Print each line once more, unchanged, from the line holding "this 794×446 image." to the end of the listing below.
————————
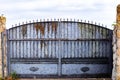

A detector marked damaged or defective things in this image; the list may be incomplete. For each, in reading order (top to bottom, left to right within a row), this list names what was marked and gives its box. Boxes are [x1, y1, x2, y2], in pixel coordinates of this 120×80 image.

old rusty gate [1, 19, 113, 78]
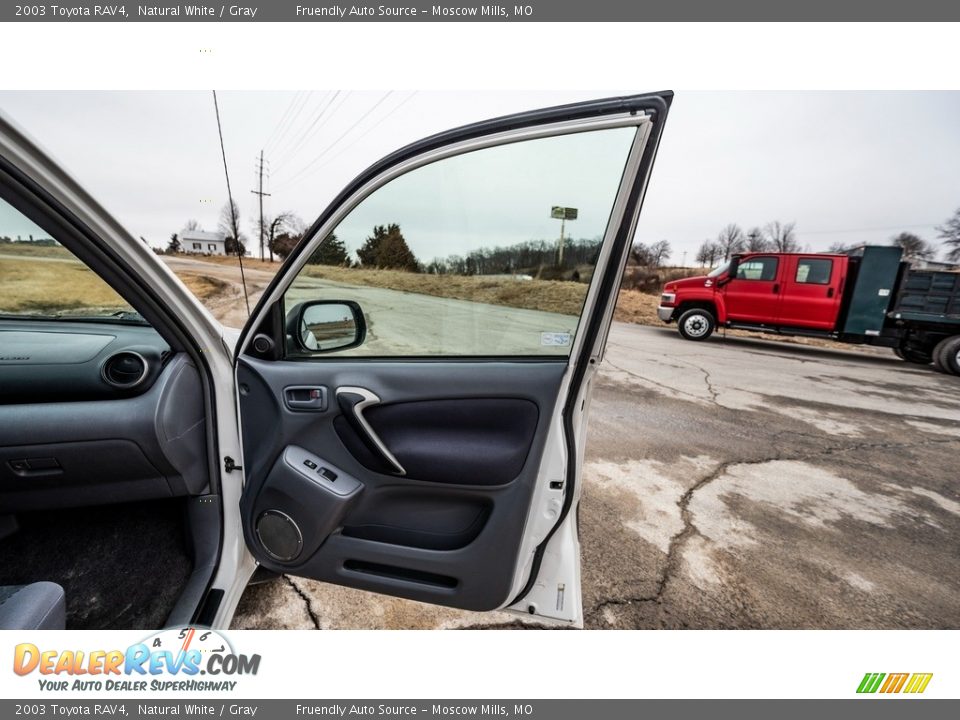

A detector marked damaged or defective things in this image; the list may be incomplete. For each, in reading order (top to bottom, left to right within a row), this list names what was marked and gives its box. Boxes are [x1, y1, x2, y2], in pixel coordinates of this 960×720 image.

cracked pavement [232, 324, 960, 628]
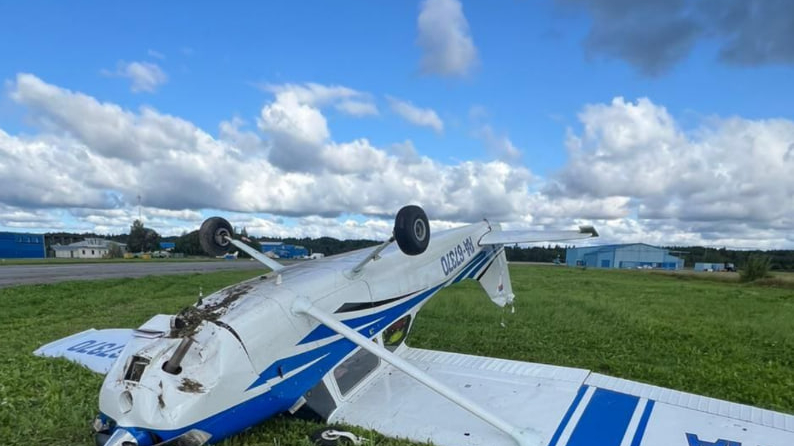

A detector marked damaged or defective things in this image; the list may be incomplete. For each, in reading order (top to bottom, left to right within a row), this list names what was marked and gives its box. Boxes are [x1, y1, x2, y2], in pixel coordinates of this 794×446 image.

bent wing [474, 225, 596, 246]
bent wing [332, 348, 792, 446]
————————
### Solution below:
A detector marked damaged or defective things in this image; the list may be incomplete. For each, in reading order (top to bottom, left to right within a row), this list names what was marked and gives its box. Boxes are [x1, y1, x2, y2], in pixel coordinates of this 794×446 image.

bent wing [474, 225, 596, 246]
bent wing [332, 348, 792, 446]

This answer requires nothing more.